Remove and replace BitDefender with Windows 8's built-in Windows Defender for temporary troubleshooting purposes as may be causing conflicts:

*BitDefender removal - *How to uninstall Bitdefender

*Windows Defender (how to turn on after removal) - *Windows Defender - Turn On or Off in Windows 8

*---------------------------------------*

If the above fails, there is only so much you can do with a bugcheck like this until it comes down to a faulty processor that will need to be replaced. Start from 1 and work downward:

*1. *Ensure your temperatures are within standard and nothing's overheating. You can use a program such as Speccy if you'd like to monitor temps - Speccy - System Information - Free Download

*2.* Clear your CMOS (or load optimized BIOS defaults) to ensure there's no improper BIOS setting - How To Clear CMOS (Reset BIOS) [Easy, 10 to 15 Min]
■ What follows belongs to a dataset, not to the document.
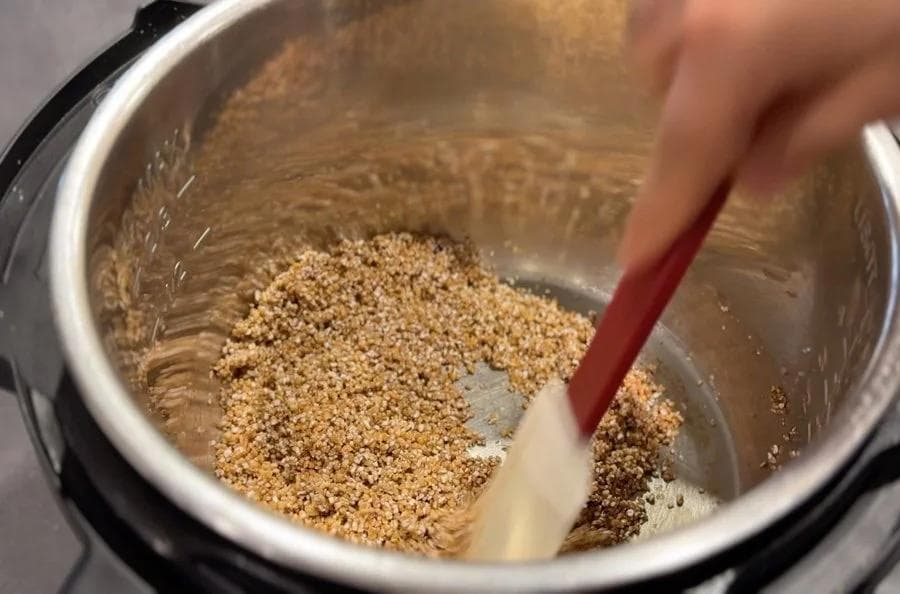 Roasting cracked wheat in ghee in an Instant Pot using a spatula, grains turning golden brown.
*3. *Ensure your BIOS is up to date.

*4. *Software conflicts that can usually cause *124 bug checks are OS to BIOS utilities from manufacturer's like Asus' AI Suite. If you have something like this software-wise, remove it ASAP.

*5. *If all of the above fail, the only left to do is replace your processor as it is faulty.

Regards,

Patrick


----------



## Sajmon92 (Mar 10, 2014)

*Re: WHEA UNCORRECTABLE ERROR, Not specified, Windows 8*

Thank you very much for such a quick reply. I rebooted laptop after i posted this thread in safe mode, and chkdsk on C which lasted like forever but in the end laptop booted normally, so i was allowed to log in. I uninstalled bitdefender( i had trial version for 30 days but it ran out of trial yesterday or 2 days ago), checked CPU and Graphic's card temperature and both of them were fine. I hope u were wrong about processor....  Anyway i hope my laptop will continue booting well and i will not need your precious help in the future. Thanks again mate. You truly are Microsoft Most Valuable Proffesional. Have a nice day. :thumb:


----------



## Patrick (Apr 15, 2012)

*Re: WHEA UNCORRECTABLE ERROR, Not specified, Windows 8*

My pleasure, very glad to help. Thanks for the kind words.

Regards,

Patrick


----------